Affiliation:
1. School of Mathematical and Computer Science, Heriot-Watt University, Edinburgh, Currie EH14 4AS, UK
2. School of Informatics, The University of Edinburgh, Edinburgh, EH8 9AB, UK
Abstract
Wikidata is a collaborative multi-purpose Knowledge Graph (KG) with the unique feature of adding provenance data to the statements of items as a reference. More than 73% of Wikidata statements have provenance metadata; however, few studies exist on the referencing quality in this KG, focusing only on the relevancy and trustworthiness of external sources. While there are existing frameworks to assess the quality of Linked Data, and in some aspects their metrics investigate provenance, there are none focused on reference quality. We define a comprehensive referencing quality assessment framework based on Linked Data quality dimensions, such as completeness and understandability.
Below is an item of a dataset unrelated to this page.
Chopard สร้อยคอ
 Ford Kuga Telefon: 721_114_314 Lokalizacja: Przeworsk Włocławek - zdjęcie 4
We implement the objective metrics of the assessment framework as the Referencing Quality Scoring System – RQSS. The system provides quantified scores by which the referencing quality can be analyzed and compared. RQSS scripts can also be reused to monitor the referencing quality regularly. Due to the scale of Wikidata, we have used well-defined subsets to evaluate the quality of references in Wikidata using RQSS. We evaluate RQSS over three topical subsets: Gene Wiki, Music, and Ships, corresponding to three Wikidata WikiProjects, along with four random subsets of various sizes. The evaluation shows that RQSS is practical and provides valuable information, which can be used by Wikidata contributors and project holders to identify the quality gaps. Based on RQSS, the average referencing quality in Wikidata subsets is 0.58 out of 1. Random subsets (representative of Wikidata) have higher overall scores than topical subsets by 0.05, with Gene Wiki having the highest scores amongst topical subsets. Regarding referencing quality dimensions, all subsets have high scores in accuracy, availability, security, and understandability, but have weaker scores in completeness, verifiability, objectivity, and versatility. Although RQSS is developed based on the Wikidata RDF model, its referencing quality assessment framework can be applied to KGs in general.